La coalition a annoncé d'importantes réformes sociales. Cela ressemble à l'Agenda 2010, promu par le chancelier Gerhard Schröder il y a plus de vingt ans. L'économie en a bénéficié, mais le SPD a dû composer avec. Combien de temps encore le SPD pourrait-il tenir le coup ?
Les concepts du passé ne constituent pas un modèle pour l'avenir. La mission de la coalition est de reconnaître la nécessité de l'État-providence, mais aussi celle de le réformer. Pour y parvenir, tous les camps doivent sortir de leurs tranchées. Les revendications façonnées par le néolibéralisme des années 1990, qui ne connaissent que les coupes budgétaires et sapent l'État-providence dans ses fondements mêmes, ne nous mèneront nulle part. Les sociaux-démocrates, en tant que défenseurs de l'État-providence, peuvent démontrer leur capacité à être des réformateurs productifs. Nous concevons un État-providence fort comme un État qui non seulement satisfait les citoyens par des prestations sociales, mais leur offre également un moyen de gérer leur vie – et ce, de la manière la plus autonome possible. En retour, l'État peut s'attendre à une volonté d'agir. En fin de compte, l'État-providence doit également être accepté par ceux qui financent son financement, c'est-à-dire les employeurs et les salariés. L'État-providence doit donc être fort, mais il ne doit pas se résumer à une sécurité sociale inconditionnelle.
Alexander Schweitzer, ministre-président de Rhénanie-Palatinat et vice-président du SPD
L'État-providence englobe non seulement l'assurance chômage, mais aussi les retraites, l'assurance maladie et l'assurance dépendance. La première décision du gouvernement fédéral, outre le maintien du niveau des retraites, a été d'augmenter la pension de maternité de 5 milliards d'euros. Est-ce dans l'intérêt des jeunes générations ?
Le débat sur la politique des retraites ne s'arrête pas à la pension des mères. L'essentiel est d'inciter davantage de personnes à accéder à un emploi stable et de garantir des salaires raisonnables grâce à des conventions collectives. Cela stabiliserait les bases financières du système de retraite.
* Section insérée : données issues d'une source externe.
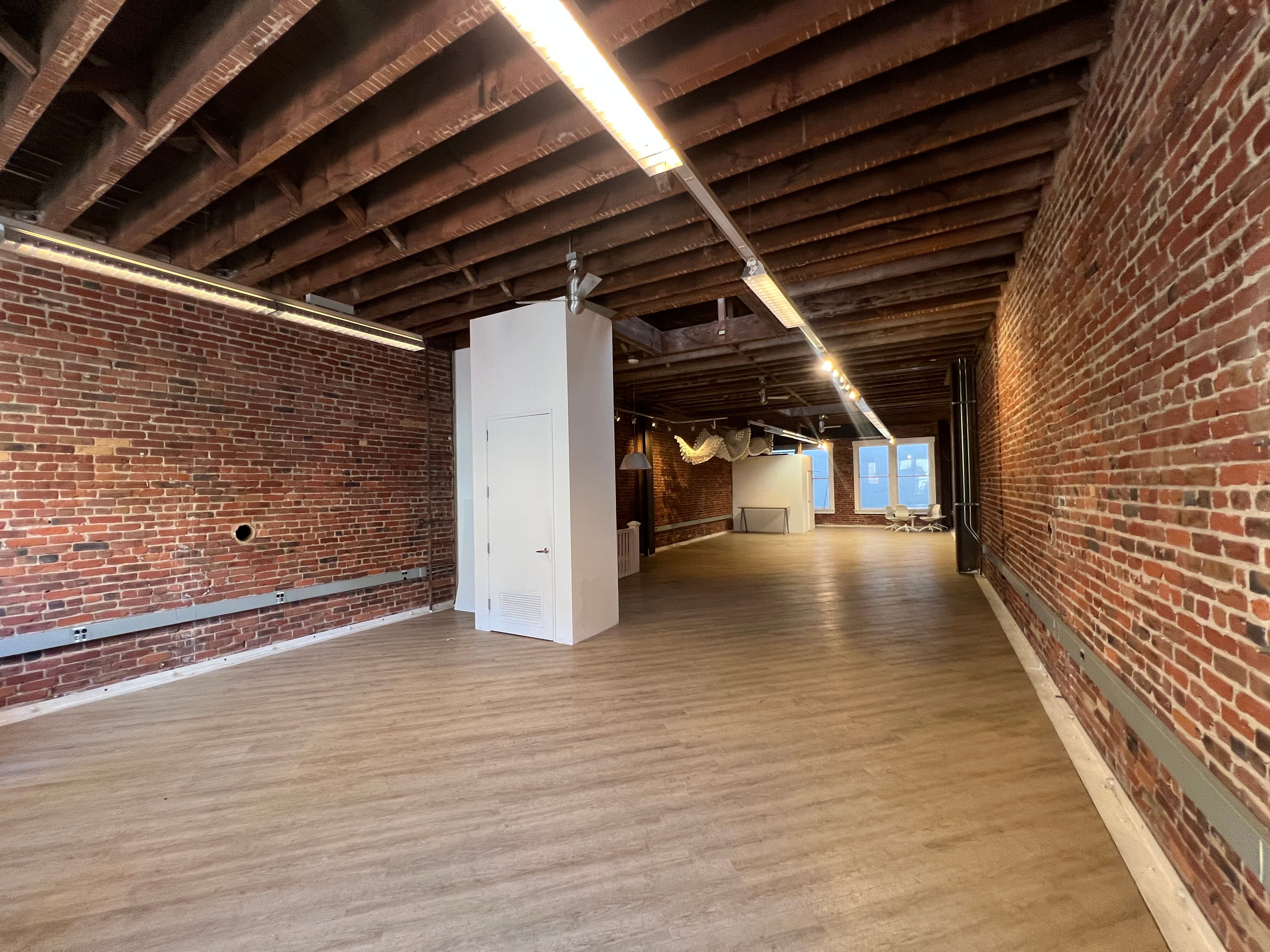 Artful Brick-and-Light Office in SF - South FiDi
Nous ne devons pas ignorer ces enjeux clés au profit de revendications populistes.
L’exigence que les fonctionnaires contribuent au système de retraite est-elle du populisme ou est-elle logique ?
Il s'agit d'une contribution au débat qui entraînerait d'importants changements structurels. Notre société doit en débattre en profondeur.
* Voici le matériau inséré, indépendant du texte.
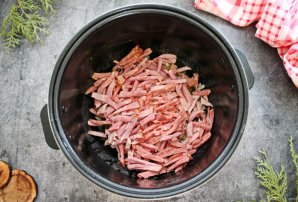Сборная мясная солянка в мультиварке Сборная мясная солянка в мультиварке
Le SPD reste faible dans les sondages. Cela vous posera-t-il problème lors des élections régionales en Rhénanie-Palatinat en mars prochain ?
En Rhénanie-Palatinat, nous avons une longue expérience des faibles sondages au niveau fédéral, et pourtant nous avons toujours remporté haut la main nos élections régionales. Nous n'avons jamais vraiment bénéficié du soutien de Berlin lors de nos élections régionales. Je l'espère bien, mais je ne le fais dépendre de rien.